A is for Amber

Amber is a rising sophomore interning at the Bronx Family Justice Center.

flashcard“What is this letter?”


“Chipaw, this letter right here, which one is it?”


“Is it A? It’s A right?”

She looked away.

“Can you say A? A. Ayyy. A.” I tapped the card and tucked it behind Z.

She turned to me, her eyes hard and glassy. It was as though her expression mocked the flashcards, challenging, “How can these letters have any significance in the face of the pain I have endured?”

She was a refugee. Emaciated—no teeth, no voice, and a steely glare.

This time I was silent.  What could I do but gaze back?


My name is Amber Black and I’m from Olmsted Falls, OH.  I’m a nineteen-year-old rising sophomore, and my academic interests include English, Spanish, Psychology, and gender and racial disparities. In my first semester at Duke, I worked to educate newly resettled refugees.  This exchange last September was the first time I felt the weight of what it meant to be a woman.  Although the two of us were not communicating with language, I felt the pain and despair of her oppression.  As I gripped the flashcards, I realized I really wanted to help her and others in similar circumstances. I could only hope that I would someday be able to do so.

Of course, I leaped at the chance to advocate for women with DukeEngage. This summer, I’ll be working with the Bronx Family Justice Center, where I’ll interact with both women and children who have been directly affected by domestic violence.  The BXFJC is a haven that not only provides services to battered women and their families, but also works closely with its legal contacts to prevent such crime from occurring so regularly.  While I’m elated that the Moxie Project has provided me such an extraordinary opportunity, I wonder about a few things:

  • Is there such a thing as a conservative feminist? I wonder how conservative views fit into such a liberal movement.  Is there a place for super traditional or conservative individuals to work for the betterment of women without abandoning their stance?
  • Am I even a feminist? I don’t know much about the modern movement, and I am unsure whether or not my recent urge to help women classifies me as a feminist.
  • How will this experience change my academic ventures in the future? I am completely open to anything.  If I see something that convinces me to change courses, I’ll go with it.  I wonder if that will happen this summer.

All in all, I’d say my prevailing emotion is nervousness.  I’m so excited to participate, but I just want to do a good job.  I want to learn, I want to help, and I want to enjoy the experience. I look forward to an ambitious and remarkable summer.

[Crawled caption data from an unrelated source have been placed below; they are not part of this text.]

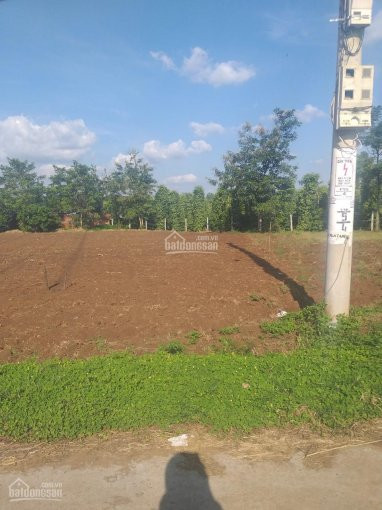 đất Thổ Cư Eakao 500m2 Giá 575 Triệu Gần Ubnd Xã Eakao 6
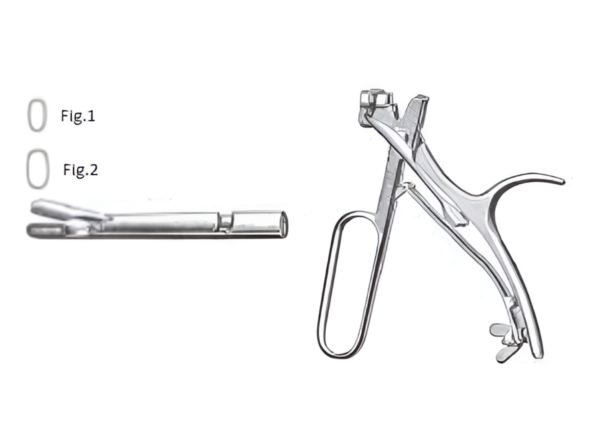 Larynx R-6654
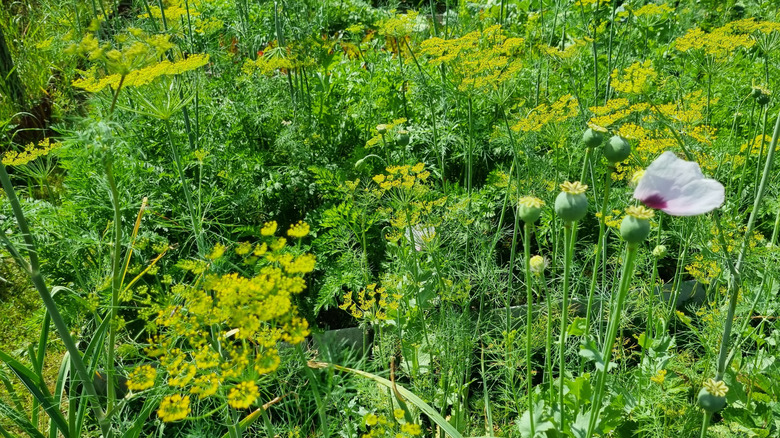 a summer meadow with poppies, dill and parsley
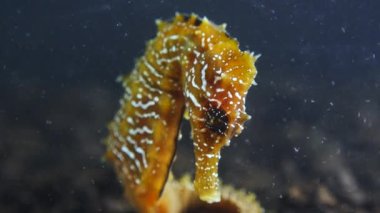 Karadeniz, Ukrayna 'da deniz tabanında uzun burunlu deniz atı (Hipokampüs hipokampüsü)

3 thoughts on “A is for Amber

  1. Hi Amber, I’m one of your Duke Readers this summer. I loved that you started your post with an anecdote– you drew me right in. Even more I love your learning agenda questions. I’m particularly interested in how women of all ages do or do not define themselves as feminists and what that means to them. I look forward to reading your posts!

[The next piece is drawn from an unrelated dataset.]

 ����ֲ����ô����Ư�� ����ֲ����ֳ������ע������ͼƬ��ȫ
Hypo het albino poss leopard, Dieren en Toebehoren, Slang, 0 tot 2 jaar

    Nancy White T80 and Womens Studies Supporter

  2. Nancy–

    Thank You for reading! In regards to our shared thoughts about feminist self-identification; our group discussions have already begun to reveal some insight into varied definitions of feminism and the sentiments behind them! I hope to be able to share some of these tidbits as I begin to grow more confident in my own (feminist) identity.